API

Concept

midtools.Dataset is the basis of midtools. Amongst others it:

  • provides the command line interface,
  • reads the configuration file
  • handles metadata,
  • starts the SLURMCluster,
  • runs analysis routines from submodules,
  • and finally stores the results in an HDF5-file.

Data are provided and calibrated by midtools.Calibrator after running midtools.Calibrator._get_data() which is called by midtools.Dataset. It includes the following data processing steps:

  • loading the data as an xarray using the extra_data module,
  • slicing trains and pulses,
  • masking,
  • binning,
  • baseline correction.

Additionally, midtools.corrections provides functions to be applied on individual workers.

midtools provides the following analysis submodules:

  • midtools.azimuthal_integration,
  • midtools.correlation,
  • midtools.statistics,
  • midtools.average.

The first three modules use the apply_along_axis method from dask.array to apply an algorithm on each train or pulse of a run.

The Dataset Class

class midtools.Dataset(run_number, setupfile, proposal=None, analysis=None, datdir=None, first_train=0, last_train=1000000.0, pulses_per_train=500, dark_run_number=None, train_file='train-file.npy', pulse_file='pulse-file.npy', first_cell=2, train_step=1, pulse_step=1, is_dark=False, localcluster=False, is_flatfield=False, flatfield_run_number=None, out_dir='./', file_identifier=None, trainId_offset=0, **kwargs)[source]
__init__(run_number, setupfile, proposal=None, analysis=None, datdir=None, first_train=0, last_train=1000000.0, pulses_per_train=500, dark_run_number=None, train_file='train-file.npy', pulse_file='pulse-file.npy', first_cell=2, train_step=1, pulse_step=1, is_dark=False, localcluster=False, is_flatfield=False, flatfield_run_number=None, out_dir='./', file_identifier=None, trainId_offset=0, **kwargs)[source]

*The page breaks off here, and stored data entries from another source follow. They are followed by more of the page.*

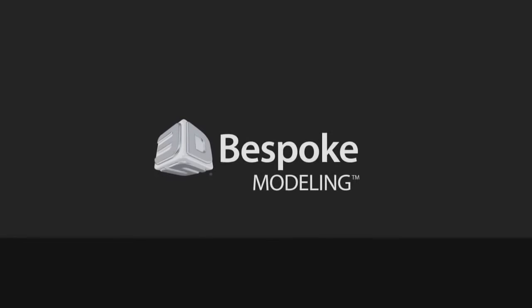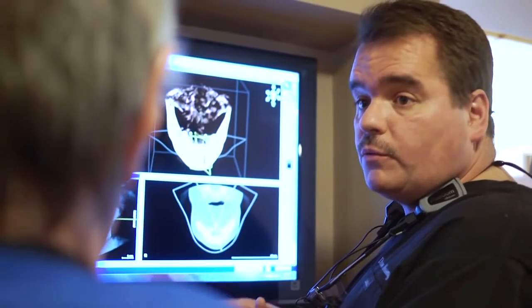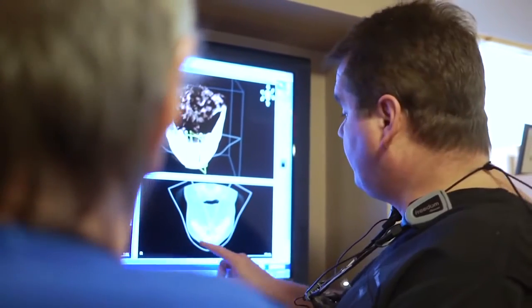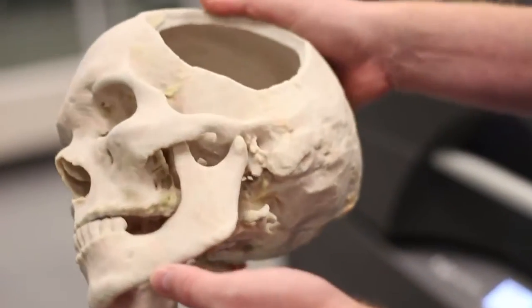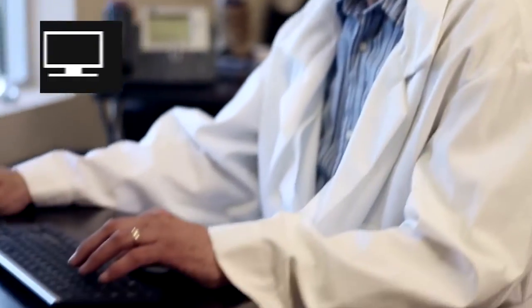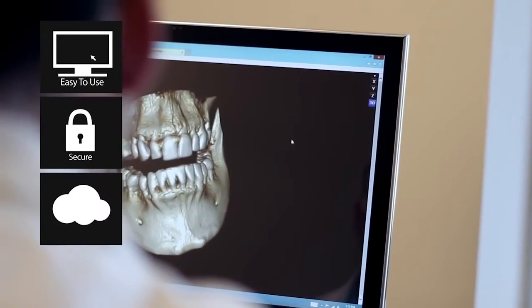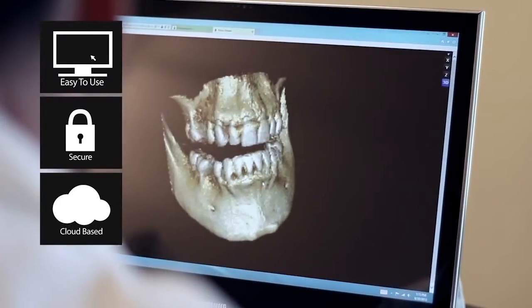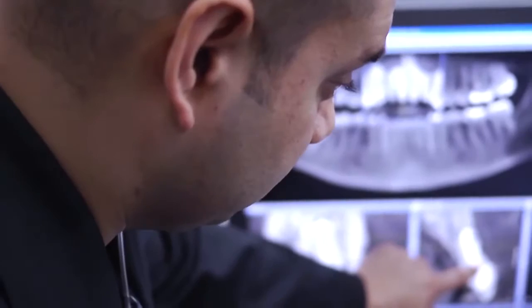Introducing Bespoke Medical Modeling, a new cloud-based application that converts DICOM data from a CT or MRI scan into a 3D physical model in just a few clicks. This easy-to-use, secure, cloud-based service makes it simple for you to create stunning models in minutes, and it's low cost, with subscriptions starting at just $30 a month.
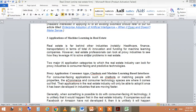The proxy applications for consumer-facing apps include chatbots and machine learning-based interfaces for customer-facing applications such as chatbots or matching people with properties. The e-commerce and consumer technology space are where these applications emerge first, so the real estate industry will only be able to adopt them once they have been developed in industries that are moving faster.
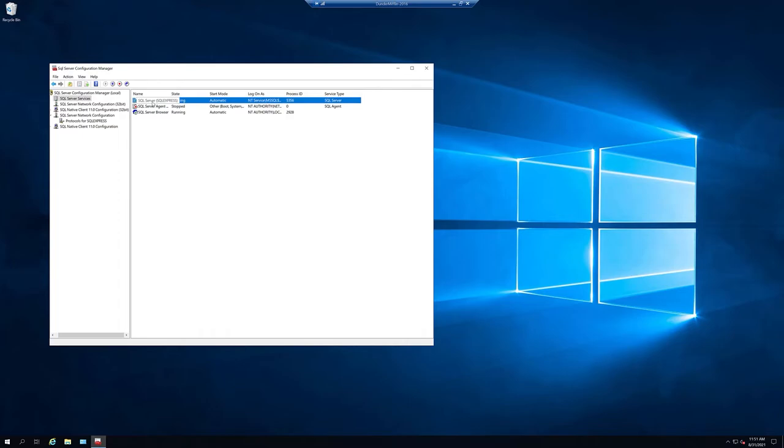Please note, if there are other applications using this SQL instance, it is best to do this restart after hours.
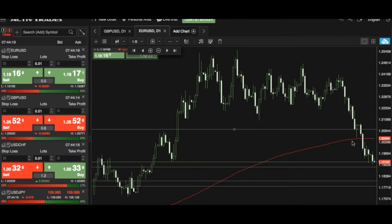This week, key events for the euro/US dollar pair will be the CPI and PPI inflation reports from the US economy. We also have President Trump's decision on the Iran deal, and that may affect the US dollar.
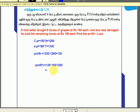So here the profit percentage is 10.83 percent.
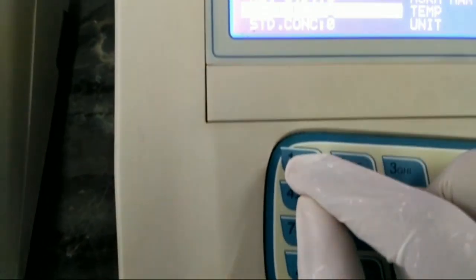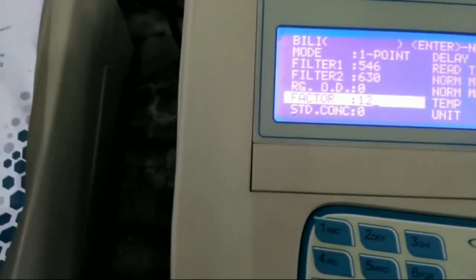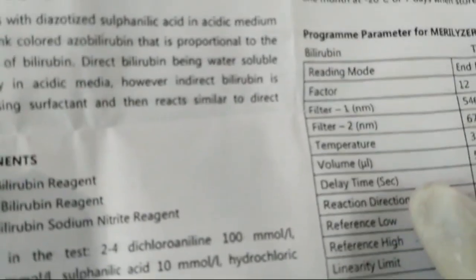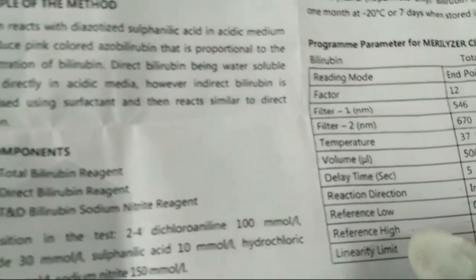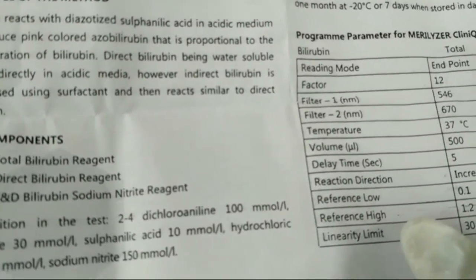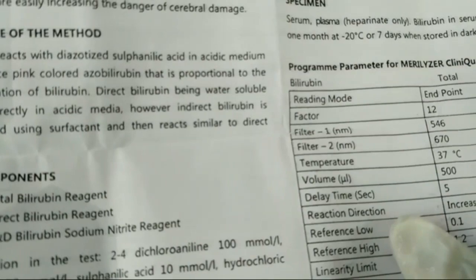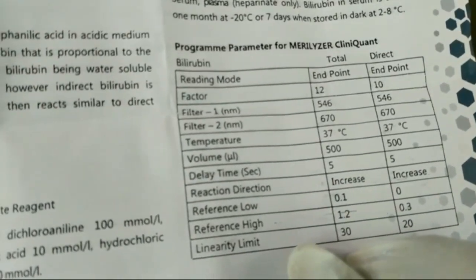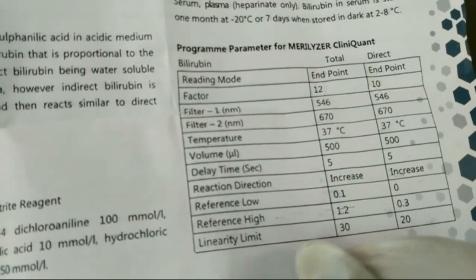We can enter the factor manually. The factor is 12 — we will enter it. For the standard concentration in this program, the standard is not supplied, but the standard concentration is 10, so we have to enter 10.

Dataset object to analyze MID datasets on Maxwell.

Parameters:
  • setupfile (str) – Setupfile (.yml) that contains information on the setup parameters.
  • analysis (str, optional) –

    Flags of the analysis to perform. Defaults to ‘00’. analysis is a string of ones and zeros where a one means to perform the analysis and a zero means to omit the analysis. The analysis types are:

    flags | analysis
    1000 average frames
    0100 SAXS azimuthal integration
    0010 XPCS correlation functions
    0001 compute statistics
  • last_train (int, optional) – Index of last train to analyze. If not provided, all trains are processed.
  • run_number (int, optional) – Specify run number. Defaults to None. If not defined, the datdir in the setupfile has to contain the .h5 files.
  • dark_run_number (int, optional) – Dark run number for calibration.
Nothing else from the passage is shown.